Friday, 20 Sep 2002


It’s 7:00 in the morning and I’m about three hours southeast of Olympia, Wash., on my way to Walla Walla, and I’m really tired. My talk at the Northwest Renewable Energy Festival doesn’t take place until after noon, so I should be catching a little shuteye. Instead, I’m straining away to see what I’m writing on this laptop as the low morning sun blazes directly in my eyes. I think we’re coming up on Yakima and I’m starting to daydream about coffee, though I’m trying to resist.

Anyone who’s been reading my entries for the last four days would think I travel continually. The truth is that the vast majority of my time is spent in our office in Olympia doing the glamorous work of attending meetings and sending and reading email. Obviously, there’s more to it than that, but it can certainly feel that way at times. So, while it’s hard to be away from friends and family, it’s great to be out on the road.

We’re officially out of the mountains now and cruising east through open, rolling fruit country; in just a little while we’ll be cutting southeast towards Walla Walla. I’m already feeling a sense of anticipation as we near the new Stateline Wind Project. If I recall correctly, it’s still the world’s largest. As you approach Walla Walla from the west, you can’t miss the imposing sight of over 200 large turbines churning steadily from the high winds that gust across the southeastern Washington ridgelines. Even though I’ve seen it twice before, it still gives me a little thrill.

To some folks, these types of large windpower installations may seem disconcerting and out of place in the vast western landscape. To me, and to a growing number of Walla Walla County residents, however, they spell jobs, new local tax revenue, increased tourism (visitors can now take wine and wind tours), and an antidote to still more imposing and environmentally destructive fossil fuel power plants. In short, they spell the future.

In some cases, wind can be one of the most lucrative crops for those farmers and ranchers lucky enough to lease their land to wind developers for big projects like this one. For every turbine erected, landowners receive between $2,000 and $4,000 per year — and for each one, just a half-acre or so of land is taken out of production.
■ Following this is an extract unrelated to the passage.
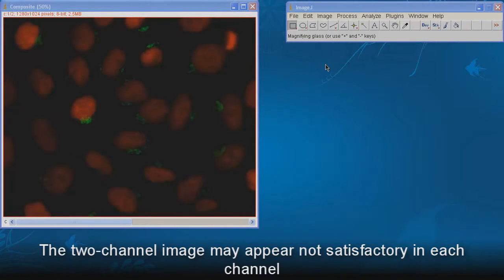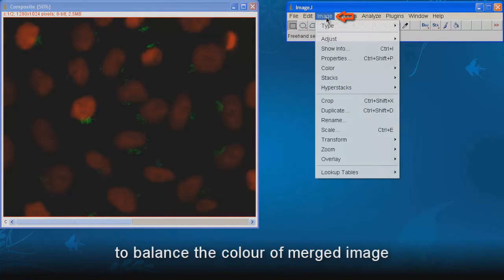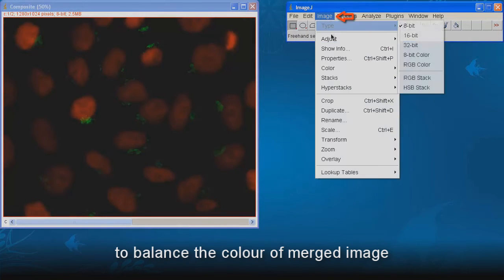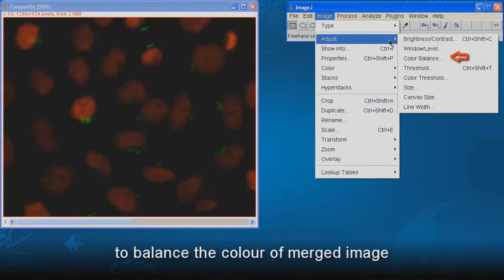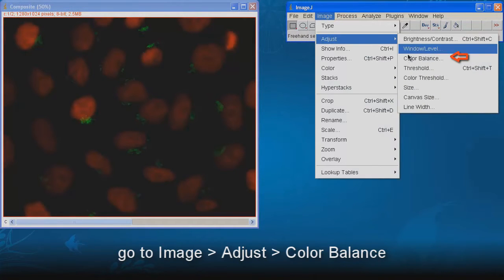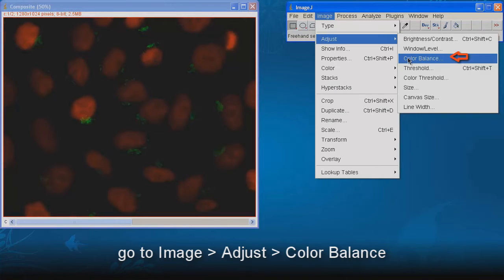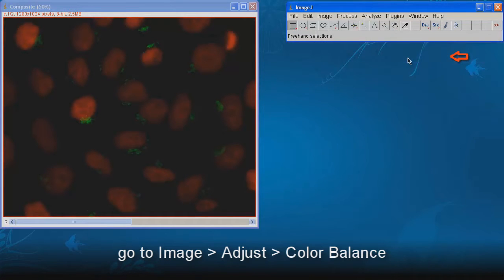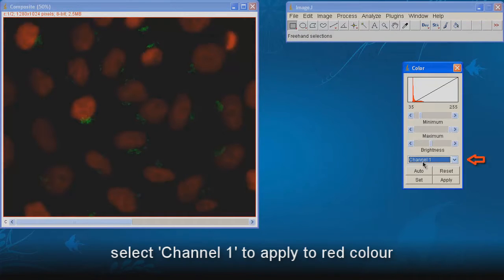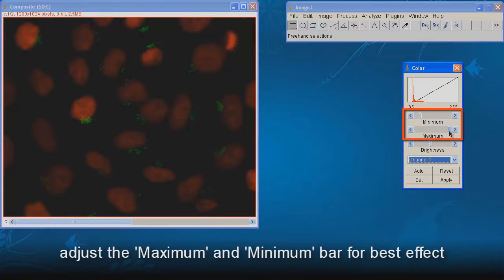The two channel image may appear not satisfactory in each channel. To balance the color of merged image, go to Image, Adjust, Color Balance. Select channel 1 to apply to red color. Adjust the maximum and minimum bar for best effect.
Fairly soon I’ll need to do a mental shift, because, whereas my talk will briefly address rural opportunities in clean energy, the majority of the focus will be on the larger idea that clean energy is the next high-tech revolution and a major new source of jobs and economic activity for our region. I need to be prepared, too, in the event I can still carve out an hour or so of time to spend with keynote speaker and energy visionary Amory Lovins. A colleague from the Department of Energy has asked me to fill in for him on his short talk on “Energy Basics” and moderate a panel discussion. So who knows what the late afternoon will bring. One way or another, I’m going to enjoy this festival and be glad for the weekend.